Andrea Peebles joined a team of strangers only 6 days before GODZone Adventure began. We caught up with her for a little Q&A to get a little more perspective on how this all transpired and her thoughts post race.
You joined a team of strangers less than a week before GODZone…how did that happen?
A week and a half out from the race on the GODZOne Facebook page was a post from the Hill Billys team urgently requiring a female competitor as theirs was no longer available due to a family bereavement. I eagerly responded and with just 6 days notice was selected for one of the toughest Adventure Races in the World. It was then a mad rush to ensure I obtained all the equipment required for the race, but more importantly had to put work on hold and make my way from Brisbane, Australia to Christchurch, New Zealand; to complete the race with 3 strangers!

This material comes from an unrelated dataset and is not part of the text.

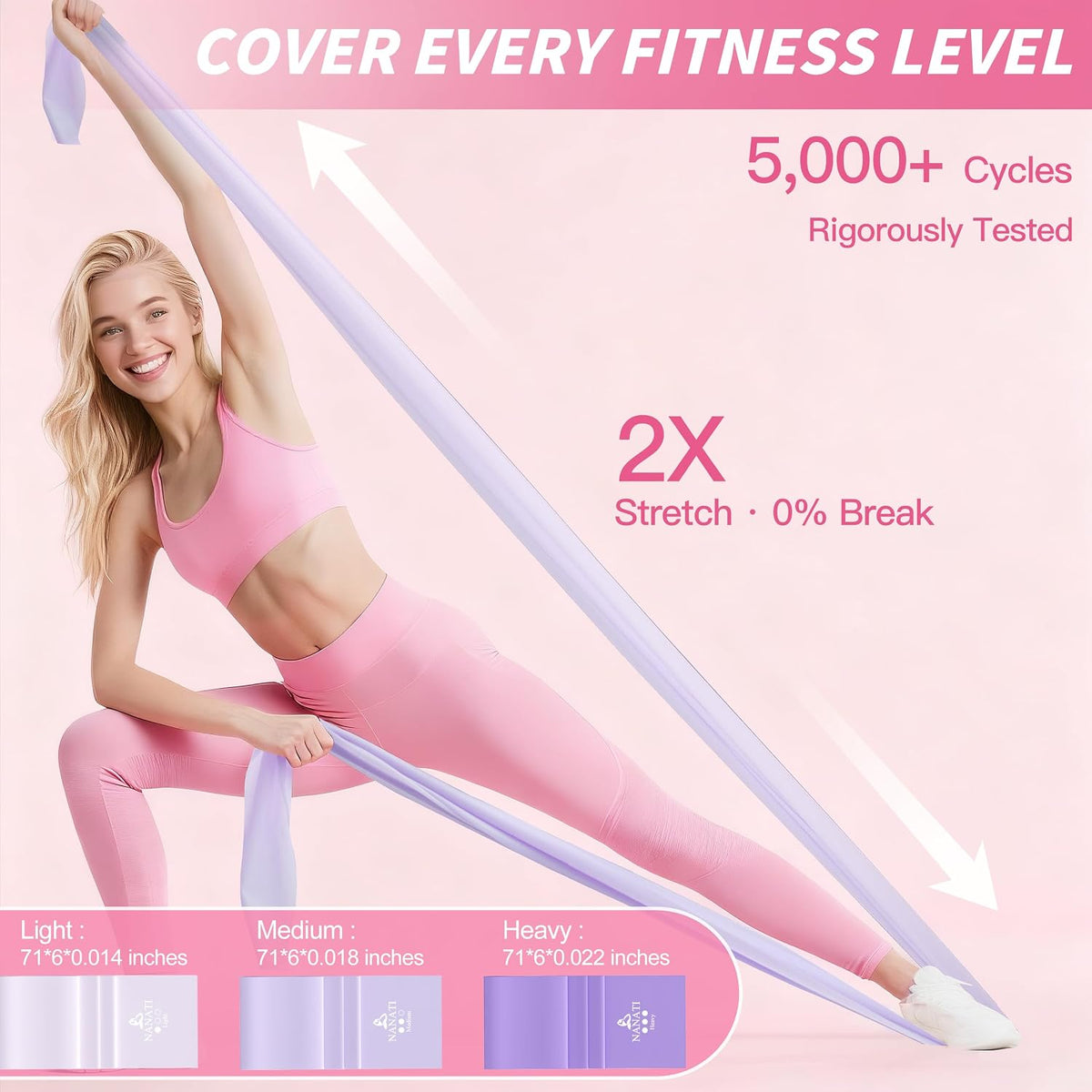 NANATI Pilates Kit - Fitness Gift for Beginners, All-in-One Pilates Equipment Bundle with Workout Guide and Carry Bag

What was the best thing about joining a team so quickly?
No expectations, no assumptions, no pressure; the unknown, the curiosity, the intrigue, the added challenge and excitement. I knew very little about these guys before the race except they were in their 30′s-40;s came from Canterbury, had families and 2 of them had completed the Coast to Coast and one was a ‘tough as old boots’ Hunter. I knew that I’d find all about them during the race, so left everything else until (the day before) the day! The guys were fantastic and their families were even better! Warm, welcoming and hugely supportive, and as in outsider coming in, this really added to the awesome experience.
What was the worst part of joining a team so quickly?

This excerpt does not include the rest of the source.